Book about relationship expectations and groundrules?
November 30, 2011 5:42 AM

Do you have a recommendation for a book about relationship ground rules and agreements in marriage? I'm interested in a book that might help someone to consider how they want to be treated, how to set reasonable expectations for interaction, and how to define what would constitute a good relationship for them.

This is for someone married and in couples counseling who wants to do homework on her own expectations about her relationship.

I'm less interested in prescriptive books, but if that's all you can think of, that's ok too. A workbook type of text might be good.
posted by OmieWise to Human Relations (7 answers total) 24 users marked this as a favorite
You might try Harville Hendrix's workbook for How to Get the Love You Want or some of Gottman's books.
posted by Admiral Haddock at 5:56 AM on November 30, 2011


The Hendrix book is an interesting idea, but the Gottman books are not quite right. This is more about something to help her figure out what's important to her, not what the research says constitutes a good working marriage.
posted by OmieWise at 6:05 AM on November 30, 2011


You might take a look at Willard Harley's Five Steps to Romantic Love, which is a workbook that covers the nitty gritty of His Needs, Her Needs (figuring out the good stuff you need to do to make your partner feel loved) and Love Busters (figuring out the bad stuff you need to knock off that is making your partner feel unloved). I think the workbook provides enough framing information that it can be used fruitfully without the other two, more narrative, texts.

It's even got a sample formal contract to be signed by the partners hereby agreeing to knock that bad shit out and start doing the other good shit.

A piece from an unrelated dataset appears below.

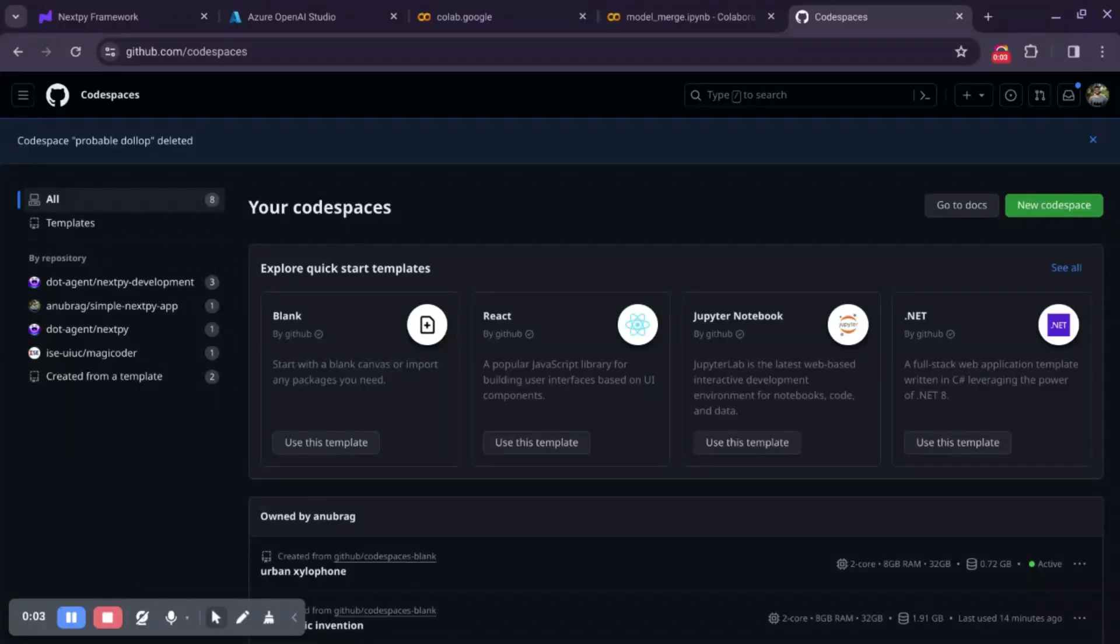When you log in to GitHub Codespaces, you'll see there are various templates available. For our use case, we'll just use a blank template to set up an empty GitHub Codespace.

Amazon.com offers a preview of the TOC so you can get a sense for the things that are addressed in the various questionnaires.
posted by drlith at 6:10 AM on November 30, 2011


The Five Love Languages is a great book on figuring out how you want to be shown love and how you can show love to your partner.
posted by peanut_mcgillicuty at 6:28 AM on November 30, 2011


Hold Me Tight by Dr. Sue Johnson.
posted by TryTheTilapia at 6:53 AM on November 30, 2011


It's not so much about the mechanics of day-to-day interpersonal interaction, but we found the Nolo Press book on prenups fascinating reading because it looked at so many of the cultural expectations we have around marriage (especially given the 3 different ways that different states treat marriage). I think going through it and looking at each of the points it brings up is a fantastic couples process, but doing that solo might also help her understand various expectations about coupled relationships, and see where some of the patterns are coming from.
posted by straw at 7:43 AM on November 30, 2011


I recently completed a marriage prep course and Gottman was mentioned quite a few times, but it sounds like that is not quite what you're looking for. I can take a look at the papers I got from the course when I get home this evening and see if there are any other authors listed.

Erikson's stages of psychological development may be relevant as a way of thinking about "what stage should I be at as I enter into a marriage." But, this is more of a secondary resource.